Author Interview » California's Camp Fire [Royal Canterlot Library special interview] · 1:47am November 24th

Today's feature asks us to put the brakes on for just a minute.

With the arrival of Thanksgiving here in the U.S., we hit the downhill portion of the holiday season: a month of rushing around that will see us all careening out the other side smack dab into the new year. We often take holidays off to encourage our readers to catch up (with friends and families, and on features from our archives), but this year, instead we would like to bring the focus on people who could use some help — those who found themselves in the path of the Camp Fire, which recently swept through the foothills of northern California.

Horizon, who I'm guessing needs no introduction around here, works with a Search & Rescue unit in the Sierra Nevada mountains near the fire, and was called in to the town of Paradise to help comb through the rubble.  We've asked him to discuss his experiences, as well as ways to help those affected by the fire.  Read on for his photos and commentary.

One of Horizon's teammates looks out at burned landscape near Paradise, CA.

Give us some background to bring readers up to speed on the destruction of the Camp Fire.

The first thing to know is: Since 2006, California has been in a drought for every year but one.  The state is a tinderbox full of dried and dying vegetation.  On top of that, our Mediterranean climate means that once spring warms up you don't see a single cloud for six months.  As such, the state has seen a series of increasingly destructive wildfires throughout recent fire seasons — 4 of the 5 largest fires in California history have started in the last five years.  (Third place happened in 2003.)
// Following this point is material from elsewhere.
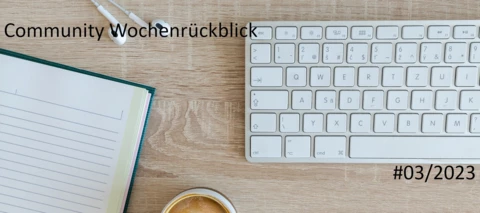 Community Wochenrückblick #3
The Camp Fire, which started near Paradise, CA (about 50 miles from my house as the crow flies), barely makes the Top 20 list by size.  But it started on an unusually windy day near a town of 26,000 people.  It spread so fast that firefighters were neither able to keep it from the town, nor able to oversee an orderly evacuation.  So it almost immediately became the deadliest and most destructive fire in California history, as well as (I am told) the largest coordinated search response in California history.

The death toll is currently at 84 and still rising (with hundreds of people still missing).  Over 18,000 buildings burned, including almost 10,000 homes.  (Basically the entire town of Paradise, and several outlying communities.)  In terms of the human toll, if you took the five next worst California wildfires and added them all together, the Camp Fire STILL beats them.  We've never seen fire destruction at this scale.

Disaster responders gather amid the smoke at a staging area in Paradise, CA: about half of the 525 searchers deployed that day.

How did you get involved with the relief efforts?  What did you do?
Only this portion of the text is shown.